(TASK INSTRUCTIONS): An exact copy of the data below is required; return it in full.

---

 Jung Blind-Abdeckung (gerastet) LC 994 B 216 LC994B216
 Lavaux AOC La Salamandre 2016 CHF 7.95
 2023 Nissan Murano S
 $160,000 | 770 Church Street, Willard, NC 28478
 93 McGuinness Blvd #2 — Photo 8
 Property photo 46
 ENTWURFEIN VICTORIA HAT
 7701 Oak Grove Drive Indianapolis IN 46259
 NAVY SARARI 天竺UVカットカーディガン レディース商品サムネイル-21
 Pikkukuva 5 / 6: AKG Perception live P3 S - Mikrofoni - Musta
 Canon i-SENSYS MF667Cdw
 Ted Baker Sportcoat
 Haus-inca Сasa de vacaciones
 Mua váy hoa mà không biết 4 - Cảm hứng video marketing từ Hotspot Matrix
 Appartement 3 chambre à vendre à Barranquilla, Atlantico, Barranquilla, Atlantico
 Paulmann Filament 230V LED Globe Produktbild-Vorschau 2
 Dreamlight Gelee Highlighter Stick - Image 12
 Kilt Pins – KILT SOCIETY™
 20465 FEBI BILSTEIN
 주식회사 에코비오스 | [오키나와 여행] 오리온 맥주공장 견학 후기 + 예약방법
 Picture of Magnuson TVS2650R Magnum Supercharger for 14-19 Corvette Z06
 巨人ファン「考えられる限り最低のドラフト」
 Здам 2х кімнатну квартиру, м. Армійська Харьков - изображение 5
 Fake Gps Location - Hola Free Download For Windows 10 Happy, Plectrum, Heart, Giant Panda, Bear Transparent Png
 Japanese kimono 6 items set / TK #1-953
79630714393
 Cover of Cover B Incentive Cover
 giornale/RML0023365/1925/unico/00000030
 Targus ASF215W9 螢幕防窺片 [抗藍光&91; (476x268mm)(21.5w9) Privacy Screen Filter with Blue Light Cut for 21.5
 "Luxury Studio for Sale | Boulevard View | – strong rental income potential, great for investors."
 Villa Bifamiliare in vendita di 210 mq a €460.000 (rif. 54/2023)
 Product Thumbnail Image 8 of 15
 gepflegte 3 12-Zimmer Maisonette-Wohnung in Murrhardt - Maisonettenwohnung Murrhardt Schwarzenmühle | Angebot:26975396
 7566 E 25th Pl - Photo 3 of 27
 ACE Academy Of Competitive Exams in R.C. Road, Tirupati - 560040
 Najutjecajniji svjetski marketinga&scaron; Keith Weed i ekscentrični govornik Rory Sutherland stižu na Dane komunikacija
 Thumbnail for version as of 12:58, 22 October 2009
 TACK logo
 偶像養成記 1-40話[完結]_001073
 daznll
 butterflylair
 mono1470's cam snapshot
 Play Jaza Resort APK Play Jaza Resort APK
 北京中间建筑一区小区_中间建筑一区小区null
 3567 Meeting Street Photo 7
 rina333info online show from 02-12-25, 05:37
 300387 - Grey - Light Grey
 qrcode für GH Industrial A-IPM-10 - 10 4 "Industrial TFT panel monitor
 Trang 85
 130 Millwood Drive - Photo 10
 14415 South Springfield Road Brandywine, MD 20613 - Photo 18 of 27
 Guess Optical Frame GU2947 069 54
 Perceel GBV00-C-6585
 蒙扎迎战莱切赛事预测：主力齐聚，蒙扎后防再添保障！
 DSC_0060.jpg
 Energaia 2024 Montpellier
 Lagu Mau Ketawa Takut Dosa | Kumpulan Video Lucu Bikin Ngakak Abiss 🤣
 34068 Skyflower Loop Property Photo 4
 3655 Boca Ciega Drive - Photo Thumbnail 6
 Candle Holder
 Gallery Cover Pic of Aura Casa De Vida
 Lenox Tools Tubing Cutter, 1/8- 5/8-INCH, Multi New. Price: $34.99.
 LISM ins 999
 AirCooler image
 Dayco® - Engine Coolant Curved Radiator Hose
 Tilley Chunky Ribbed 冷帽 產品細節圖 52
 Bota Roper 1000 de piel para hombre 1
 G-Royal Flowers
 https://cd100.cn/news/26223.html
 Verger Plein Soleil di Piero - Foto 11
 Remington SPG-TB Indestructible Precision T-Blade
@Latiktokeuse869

---

(COMPLETED TASK):
 Jung Blind-Abdeckung (gerastet) LC 994 B 216 LC994B216
 Lavaux AOC La Salamandre 2016 CHF 7.95
 2023 Nissan Murano S
 $160,000 | 770 Church Street, Willard, NC 28478
 93 McGuinness Blvd #2 — Photo 8
 Property photo 46
 ENTWURFEIN VICTORIA HAT
 7701 Oak Grove Drive Indianapolis IN 46259
 NAVY SARARI 天竺UVカットカーディガン レディース商品サムネイル-21
 Pikkukuva 5 / 6: AKG Perception live P3 S - Mikrofoni - Musta
 Canon i-SENSYS MF667Cdw
 Ted Baker Sportcoat
 Haus-inca Сasa de vacaciones
 Mua váy hoa mà không biết 4 - Cảm hứng video marketing từ Hotspot Matrix
 Appartement 3 chambre à vendre à Barranquilla, Atlantico, Barranquilla, Atlantico
 Paulmann Filament 230V LED Globe Produktbild-Vorschau 2
 Dreamlight Gelee Highlighter Stick - Image 12
 Kilt Pins – KILT SOCIETY™
 20465 FEBI BILSTEIN
 주식회사 에코비오스 | [오키나와 여행] 오리온 맥주공장 견학 후기 + 예약방법
 Picture of Magnuson TVS2650R Magnum Supercharger for 14-19 Corvette Z06
 巨人ファン「考えられる限り最低のドラフト」
 Здам 2х кімнатну квартиру, м. Армійська Харьков - изображение 5
 Fake Gps Location - Hola Free Download For Windows 10 Happy, Plectrum, Heart, Giant Panda, Bear Transparent Png
 Japanese kimono 6 items set / TK #1-953
79630714393
 Cover of Cover B Incentive Cover
 giornale/RML0023365/1925/unico/00000030
 Targus ASF215W9 螢幕防窺片 [抗藍光&91; (476x268mm)(21.5w9) Privacy Screen Filter with Blue Light Cut for 21.5
 "Luxury Studio for Sale | Boulevard View | – strong rental income potential, great for investors."
 Villa Bifamiliare in vendita di 210 mq a €460.000 (rif. 54/2023)
 Product Thumbnail Image 8 of 15
 gepflegte 3 12-Zimmer Maisonette-Wohnung in Murrhardt - Maisonettenwohnung Murrhardt Schwarzenmühle | Angebot:26975396
 7566 E 25th Pl - Photo 3 of 27
 ACE Academy Of Competitive Exams in R.C. Road, Tirupati - 560040
 Najutjecajniji svjetski marketinga&scaron; Keith Weed i ekscentrični govornik Rory Sutherland stižu na Dane komunikacija
 Thumbnail for version as of 12:58, 22 October 2009
 TACK logo
 偶像養成記 1-40話[完結]_001073
 daznll
 butterflylair
 mono1470's cam snapshot
 Play Jaza Resort APK Play Jaza Resort APK
 北京中间建筑一区小区_中间建筑一区小区null
 3567 Meeting Street Photo 7
 rina333info online show from 02-12-25, 05:37
 300387 - Grey - Light Grey
 qrcode für GH Industrial A-IPM-10 - 10 4 "Industrial TFT panel monitor
 Trang 85
 130 Millwood Drive - Photo 10
 14415 South Springfield Road Brandywine, MD 20613 - Photo 18 of 27
 Guess Optical Frame GU2947 069 54
 Perceel GBV00-C-6585
 蒙扎迎战莱切赛事预测：主力齐聚，蒙扎后防再添保障！
 DSC_0060.jpg
 Energaia 2024 Montpellier
 Lagu Mau Ketawa Takut Dosa | Kumpulan Video Lucu Bikin Ngakak Abiss 🤣
 34068 Skyflower Loop Property Photo 4
 3655 Boca Ciega Drive - Photo Thumbnail 6
 Candle Holder
 Gallery Cover Pic of Aura Casa De Vida
 Lenox Tools Tubing Cutter, 1/8- 5/8-INCH, Multi New. Price: $34.99.
 LISM ins 999
 AirCooler image
 Dayco® - Engine Coolant Curved Radiator Hose
 Tilley Chunky Ribbed 冷帽 產品細節圖 52
 Bota Roper 1000 de piel para hombre 1
 G-Royal Flowers
 https://cd100.cn/news/26223.html
 Verger Plein Soleil di Piero - Foto 11
 Remington SPG-TB Indestructible Precision T-Blade
@Latiktokeuse869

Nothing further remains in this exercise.